43 Misc. 3d 1213(A) (2014)

Facts

P manufactures and sells dietary and nutritional supplements. D and Futurebiotics, LLC are in the business of manufacturing vitamins as well as dietary and nutritional supplements. P sent D purchase order 64 for 13,000 bottles of Armageddon and 4,000 bottles of Evolution, two of P's products, for $190,120.00. The payment terms were '30 days.' Kabco ordered the raw materials and bottles from third-party vendors but did not commence manufacturing or deliver any products to P. D sent a letter to P detailing out the fact that the bottles required are custom parts that are not returnable and the raw materials for the ingredients are not returnable as well. The payment term set by D for P is net 30 days, while D's credit limit is for $25,000. D detailed out how P has not paid D's sister company Futurebiotics in spite of several written and verbal promises made. D then stated it would proceed with the orders after a payment with a bank certified check for $165,120. The balance amount of $25,000 will be net 30 as per our agreed payment terms. D also wanted P to pay the outstanding balance due to Futurebiotics. P owed D $3,192.60 for another purchase order. P also owed Futurebiotics $27,880.00. D e-mailed P that it would begin manufacturing if P agreed to accept D's $25,000 credit limit.

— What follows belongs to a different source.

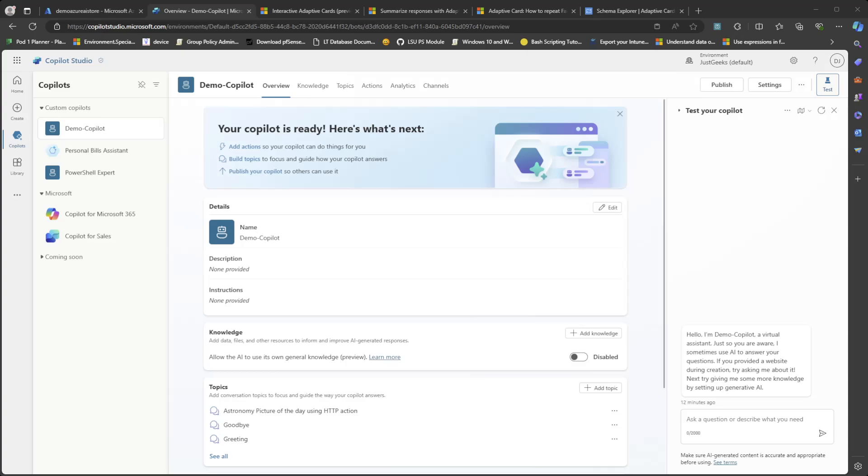All right, welcome back. This is going to be a quick video. I wanted to go over something that I had to do recently, which was fetching data from an Azure table and then displaying that back to the user as an adaptive card in Copilot Studio.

D e-mailed the plaintiff that it would begin producing P's products on Monday, September 8, 2008, and asked if P wanted to be present when production began or if it wanted D to send it a sample for testing. P asked D to extend it credit in the amount of $60,000 to $90,000. D did not respond to that request. P commenced this action against D and Futurebiotics. P sued Ds for breach of contract, fraudulent inducement, and estoppel. P alleges that D breached by unilaterally changing the terms of PO 64, by creating a credit limit in the amount of $25,000, and by demanding that P make payments to Futurebiotics. P alleges that D fraudulently induced it to enter into PO 64 by misrepresenting the terms of their agreement. P claims it relied on D's misrepresentations and that D is estopped from changing the terms of PO 64. The two causes of action against Futurebiotics were for tortious interference and for breach of a separate nondisclosure agreement. Ds counterclaimed in the amounts of $27,800.00 and $3,192.60. Ds moved for summary judgment dismissing the complaint and for summary judgment in their favor on the counterclaims.